There is in my opinion an even more important reason to reconcile with your anger. It has to do with fully liberating yourself.
As you may know, a big intent of my work is to facilitate self liberation. It is one of my highest values. After supporting and guiding thousands of people in their inner journeys, I have noticed that those who are not in touch with their heart centered anger will often have a hard time dealing gracefully with the challenges that life brings their way. That includes their fears.
Without a healthy relationship with our own anger, we often tend to avoid the challenges that come with life, and this in turns, deepens suffering.
In its truest nature, anger if the inner fire that gives us the stamina to face our fears. If that’s something you wish to understand more, I invite you to keep reading.
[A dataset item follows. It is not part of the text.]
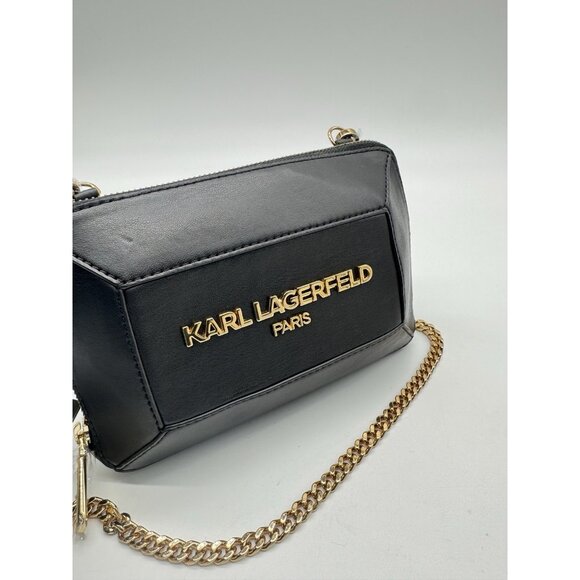 KARL LAGERFELD Paris Georgette small chain link shoulder bag - Black - Picture 6 of 6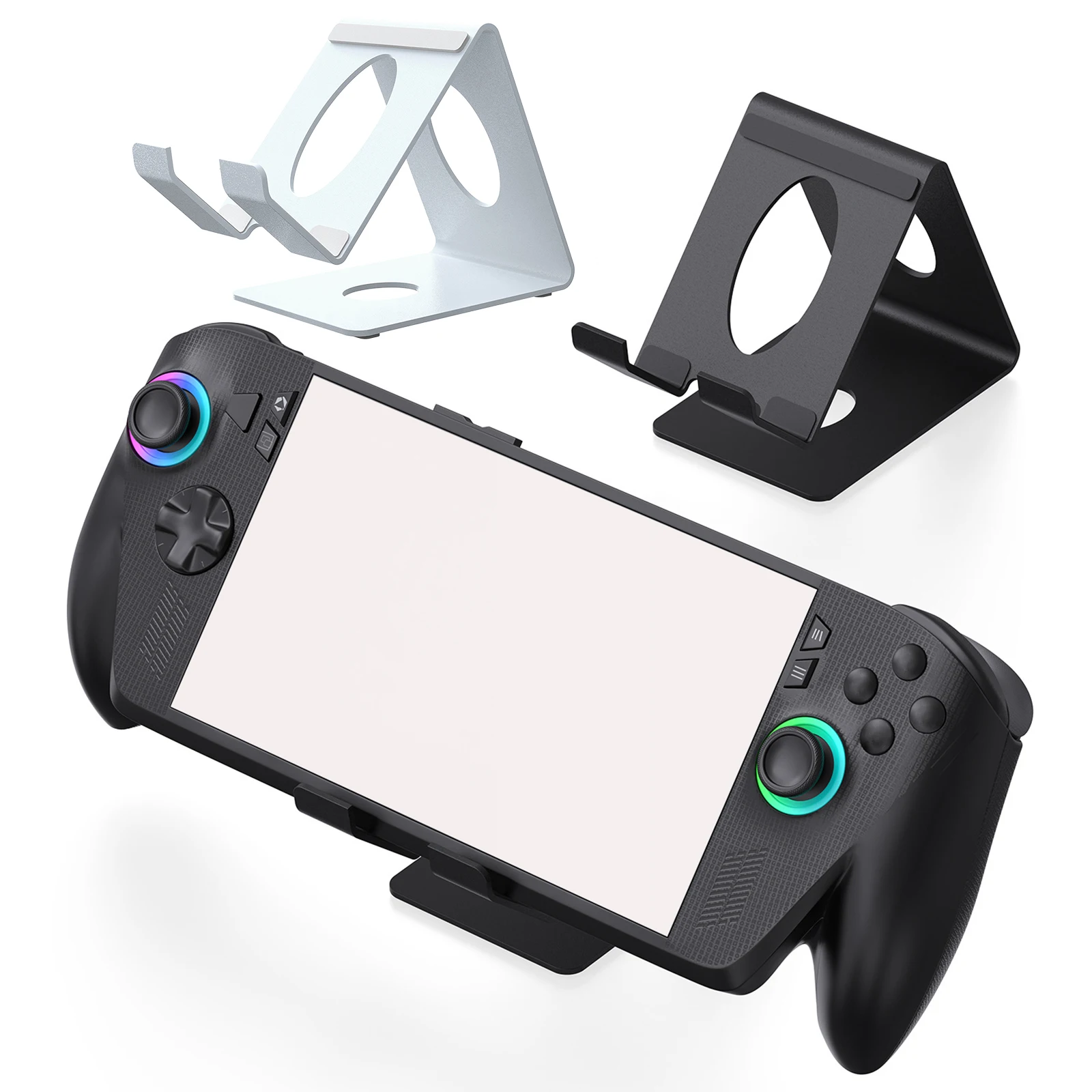 Metall Desktop Ständer Spielkonsole Zubehör Konsole Ständer Halter Tragbare Konsole Ständer Basis für Switch 2/Steam Deck Image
Understanding heart centered anger
It takes a certain degree of inner fire to face your fears. I takes some inner fire to burn the chains that have been crippling you. It takes some inner fire to courageously face the challenges that life brings towards you. That inner fire is ignited by heart centered anger. It is not necessarily anger directed ‘at’ someone or something. It is a potent fire that fuels the determination and resolve of your heart. It is the sacred rebellion of your inner self that wants to remind you of your power.
Heart centered anger says: I will not allow this challenge to break my spirit and to cause me to shut down my heart. It is the inner fire of self liberation.
Heart centered anger is the fire that welds together what was once broken. It is the stamina that allows you to take a stand for yourself without necessarily becoming aggressive or hostile. It is the fire that can set a boundary while creating deeper intimacy in the relationships you care about most.
Prompts to reconcile with you anger
Starting the reclamation of heart centered anger is one of the best journeys you may embark on as you keep expanding. The prompts below can help you deepen that exploration. Please complete as spontaneously as you can the following prompts.
How I was modeled to deal with anger growing up is…
How that conditioning is still showing up in my life today is…
I tend to easily get angry when…
What I often do instead of allowing myself to welcome my anger is…
The benefits I get from dealing with anger that way are…
The thought of becoming more intimate with my anger makes me feel…
If I allow myself to fully embrace my anger, what I am afraid of is…
The hurt that often lies beneath my anger is…
The boundaries that my anger is inviting me to set in my life today are…
If my anger was my intuition in disguise it would say…
PS: I’ll be hosting soon a deeper workshop about exploring and harnessing the liberating power of heart centered anger. Keep an eye out on your inbox for future details.
As always, thank you for reading and please share this with people who might resonate with it.
In gratitude and reverence,
— Xavier
Whoa, this is so timely today, thank you. My anger today has been about being complicit with situations where I felt I had no choice. I made a different decision, and had a different response today, and that felt good. Like a quiet, solid standing up for myself. But I’m still pissed as hell and appreciate these journal prompts SO MUCH.
A timely post for me today. I always feel so sad and angry on Mother’s Day.